:: Task prompt ::
Once you reach the line with "SEO ROI calculation profit analytics", transcribe it and every line after it to the end of the records, exactly, but not the pictures.

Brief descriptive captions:
========================================

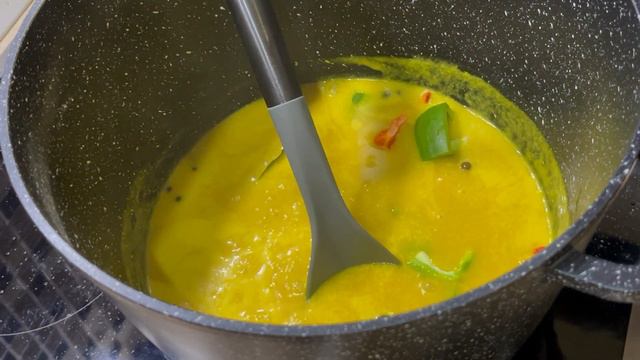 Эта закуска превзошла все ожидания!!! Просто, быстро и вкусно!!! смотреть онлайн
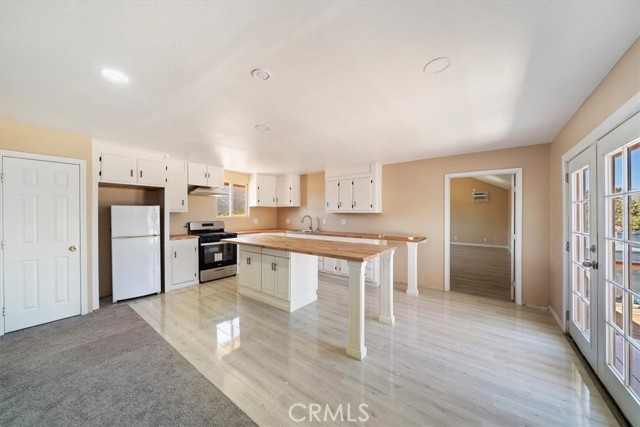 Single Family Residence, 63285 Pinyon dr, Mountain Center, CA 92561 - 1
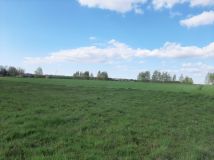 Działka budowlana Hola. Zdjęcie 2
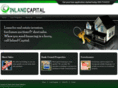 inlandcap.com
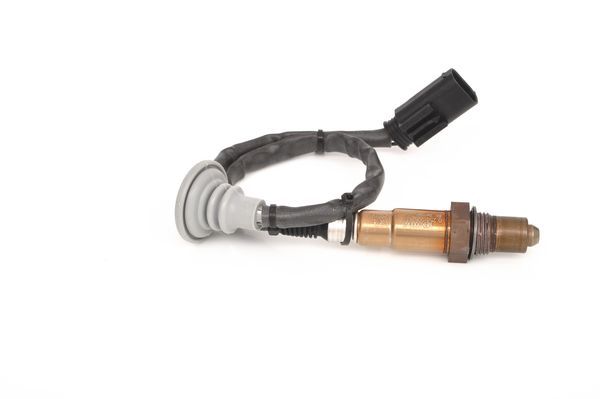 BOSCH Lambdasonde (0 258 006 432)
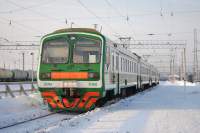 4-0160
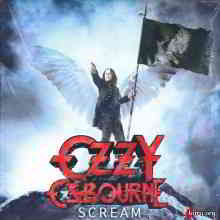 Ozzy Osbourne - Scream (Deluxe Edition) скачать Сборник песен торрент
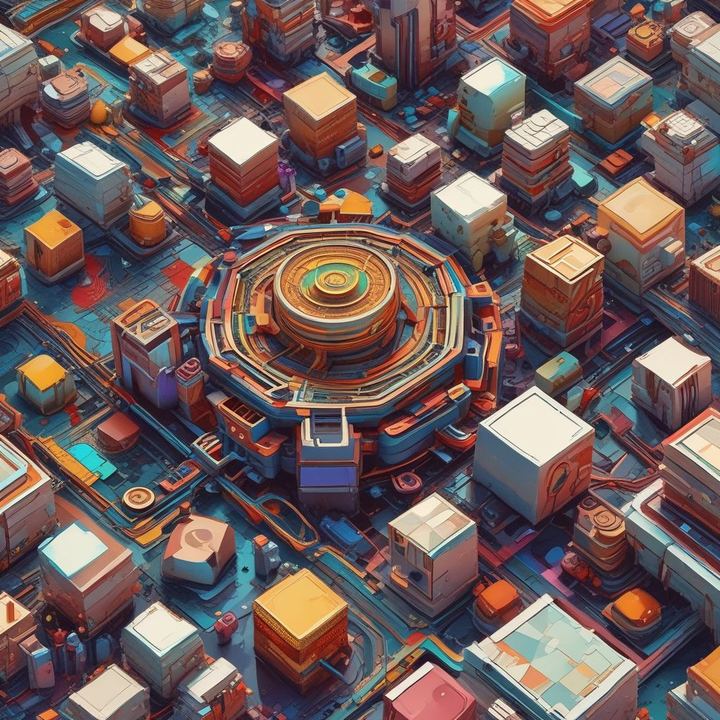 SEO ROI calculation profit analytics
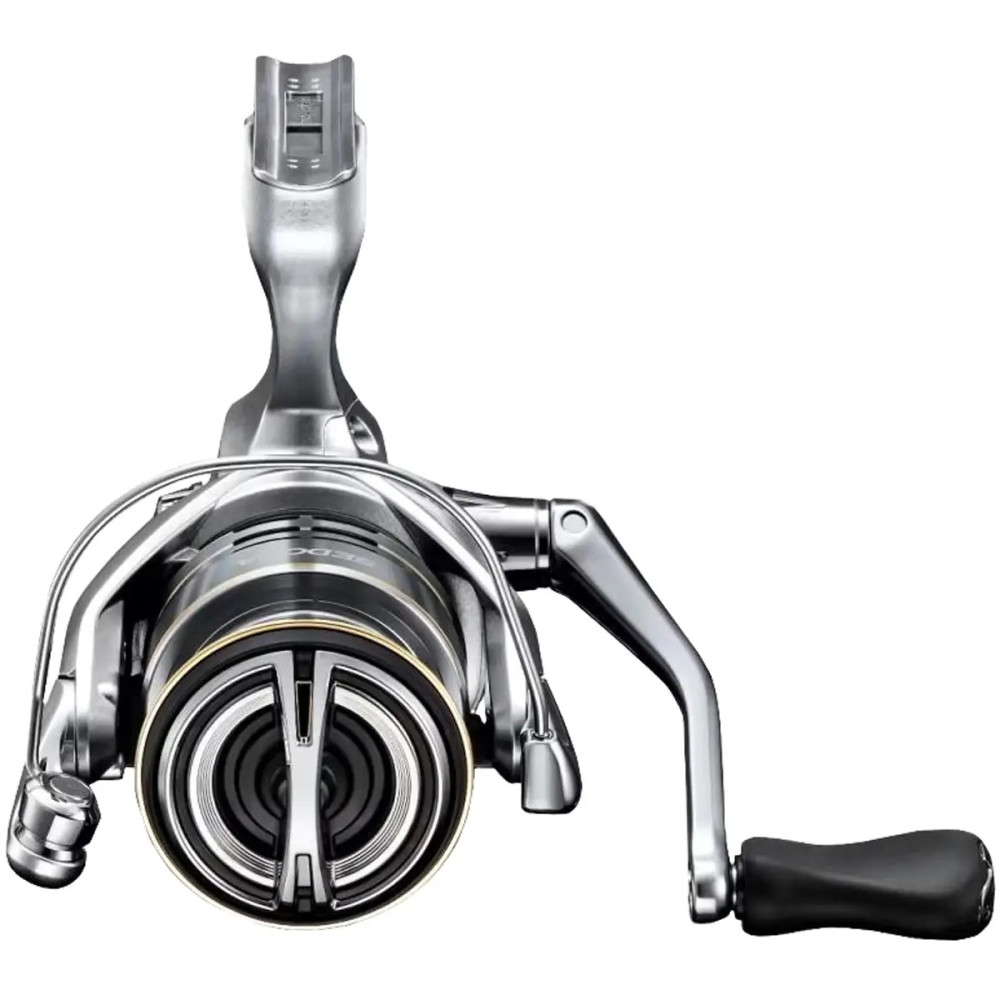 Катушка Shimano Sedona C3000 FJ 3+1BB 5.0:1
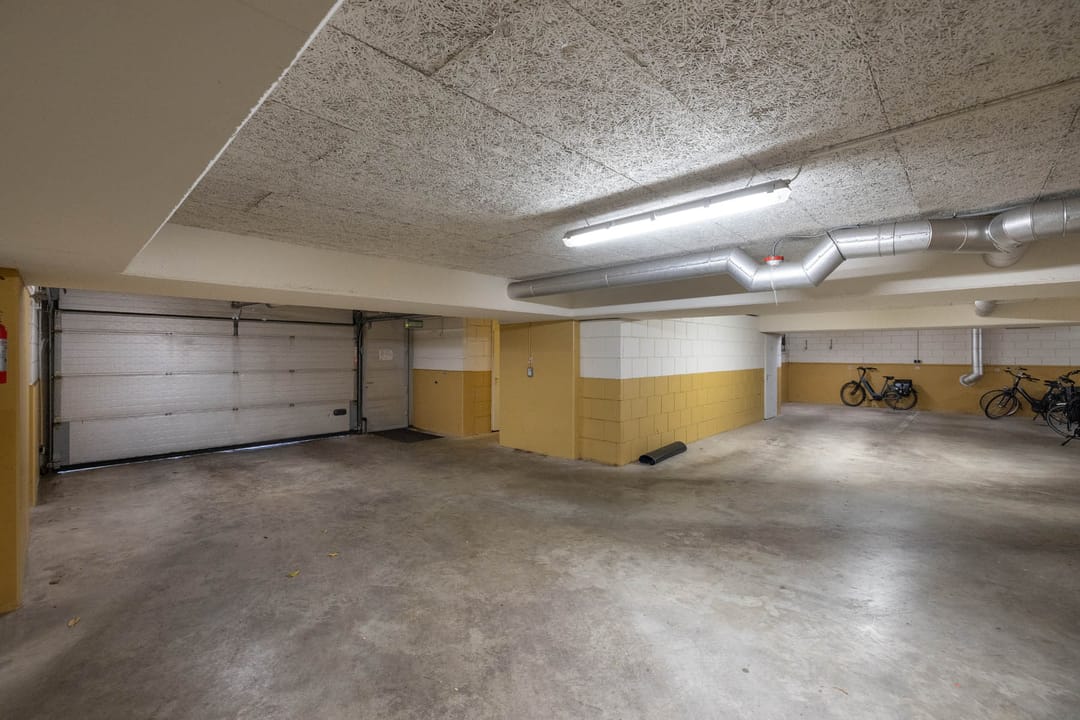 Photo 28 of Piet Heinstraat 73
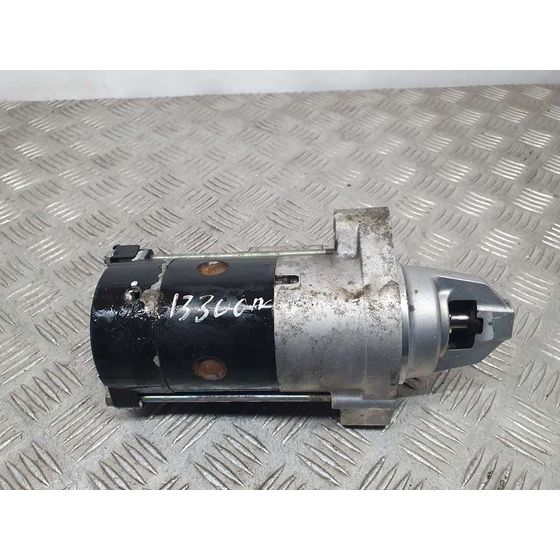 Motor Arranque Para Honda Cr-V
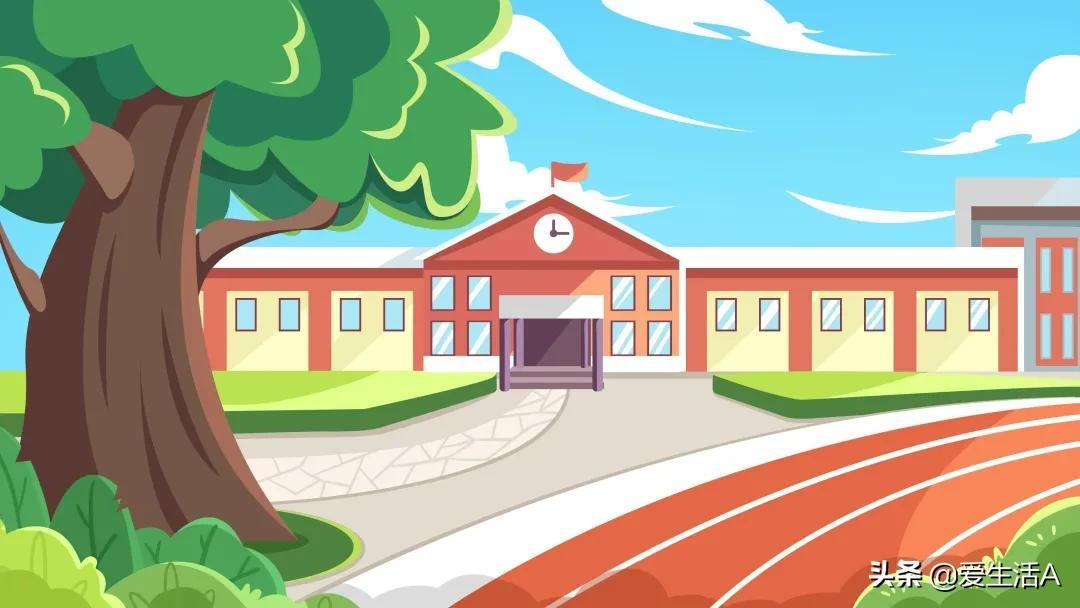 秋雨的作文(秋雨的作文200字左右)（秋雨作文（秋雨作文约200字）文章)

========================================

:: Task response ::
 SEO ROI calculation profit analytics
 Катушка Shimano Sedona C3000 FJ 3+1BB 5.0:1
 Photo 28 of Piet Heinstraat 73
 Motor Arranque Para Honda Cr-V
 秋雨的作文(秋雨的作文200字左右)（秋雨作文（秋雨作文约200字）文章)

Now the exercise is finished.